Review by Publisher's Weekly Review
The boundaries of racial and sexual propriety are crossed with a vengeance in Terrell's powerful, evocative debut novel, which tells the story of a young black ex-con named Booker Short who calls in a favor after getting out of prison and turns an entire town upside down in the process. When Short finishes doing time for his nebulous role in a dope-selling operation, Mercury Chapman, the white man who was his grandfather's commander in the service, sets Short up with a caretaker job in Kansas City. The young man's rise through the ranks of Kansas City society accelerates considerably when he begins a tumultuous affair with troubled, erratic Clarissa Sayers, a white judge's daughter whom he meets on the job. Their edgy union unnerves everyone they know, especially Clarissa's father, Thornton. But as most of the town knows, Thornton is on uncertain ground himself, his relationship with his daughter disturbingly close. When Clarissa turns up murdered, Short becomes the most likely suspect, but he goes underground until a final meeting between Chapman, Short and Sayers reveals the volatile wartime source of Chapman's old debt and exposes the explosive scandal in an ending that is both surprising and disturbing. Shopworn themes of race and redemption are overhauled here, familiar but fresh in their present-day setting. Terrell's somewhat formal, stilted prose style slows the story's momentum in the early going, but he does a fine job of capturing the atmosphere of Kansas City while fleshing out an intriguing array of characters. Despite the rough edges, the depth of Terrell's emotional and moral perspective marks him as a serious writer with major potential. Regional author tour. (Aug.) (c) Copyright PWxyz, LLC. All rights reserved
(c) Copyright PWxyz, LLC. All rights reserved
Review by Library Journal Review
Stan Granger, loner and fisherman, pulls the body of a young white woman from the Missouri River. It's not his first encounter with a waterlogged corpse, but this time it's someone he knows. She was Clarissa Sayers, the strange and wild daughter of a federal judge, and her death was caused not by drowning but by a blow to the head. Suspicion centers on Booker Short, a young black parole violator from Oklahoma with whom she'd been having an affair. Though in part the history of a homicide, this first novel offers a hard look at themes old and new. Short, the huntsman, hunts not only the real killer but more importantly his own identity, rooted in the old sins of old men, both black and white. This is a powerful, well-written debut, resonant of Ellison, Faulkner, and Twain for its portrayal of America's underbelly, by an author who is a native of Kansas City and currently writer-in-residence at Rockhurst University. Highly recommended for all public libraries.Jack Hafer, Chesterfield Cty. P.L., VA (c) Copyright 2010. Library Journals LLC, a wholly owned subsidiary of Media Source, Inc. No redistribution permitted.
(c) Copyright Library Journals LLC, a wholly owned subsidiary of Media Source, Inc. No redistribution permitted.

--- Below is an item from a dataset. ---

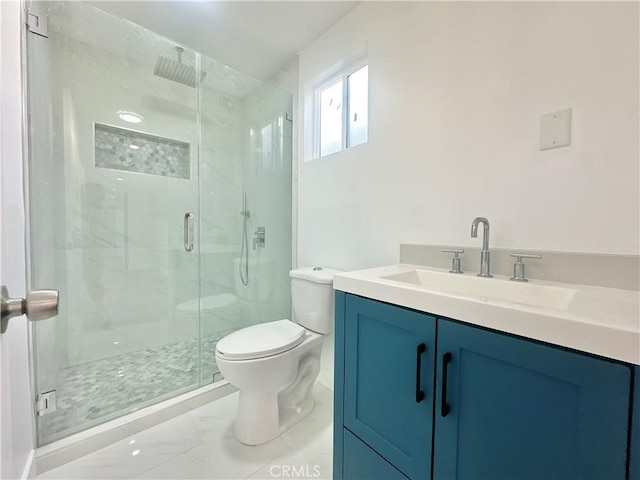 bathroom with vanity, toilet, and a shower with shower door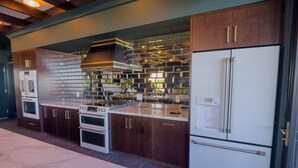 A modern kitchen with stainless steel appliances, a marble countertop, and a backsplash of reflective tiles. - Funky 1 Bedroom in 5 Points. State of the Art Gym. Long Term Stays Welcome (Birmingham)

Review by Kirkus Book Review
The murder of a young Kansas City socialite serves as the starting point for a contemporary tale of incest, hypocrisy, and race relations. When a young white woman's body is snagged by a fishing line in the Missouri River, near Kansas City, it's quickly discovered that her death was no accident, and the police begin to search for the most obvious suspect-her African-American boyfriend, Booker Short. The manhunt, however, covers only a portion of the story as Terrell, investigating the boundaries where history, memory, and legend converge, sets the scene with long forays into Short's youth: the night his father ran away, literally a step ahead of the law; the day soon after when his mother brought young Booker to her parents and then left him behind; and his coming of age on his grandfather's farm. Also recalled are the wartime experiences and unpleasant secrets of Short's erstwhile patron, septuagenarian Mercury Chapman, a white man who had commanded black troops, including Short's bitter grandfather, during WWII, and who was involved in the military execution of one of his men, the final revelation of which turns Booker's preconceived notions upside down. There are also the horrific personal and family secrets of the dead woman, Clarissa Sayers, daughter of a prominent judge. Terrell leaves few stones unturned in his effort to mine these family histories, and scrape away the ambiguities-he even explores the Sayers family background, going back two generations. While the story remains somewhat a mystery-is Booker Short the murderer?-the answer is subsumed by the whole complexity of the narrative. That complexity includes comic interludes-an intern reporter who thinks his prose ought to be literary rather than journalistic; the man who recovers the body has an immediate crush on the detective investigating the crime-that are so finely woven in that there's no change of pace. The author simply never loses his voice. A masterful, surprising first novel, Faulknerian in its tone and structure, by a fine new storyteller.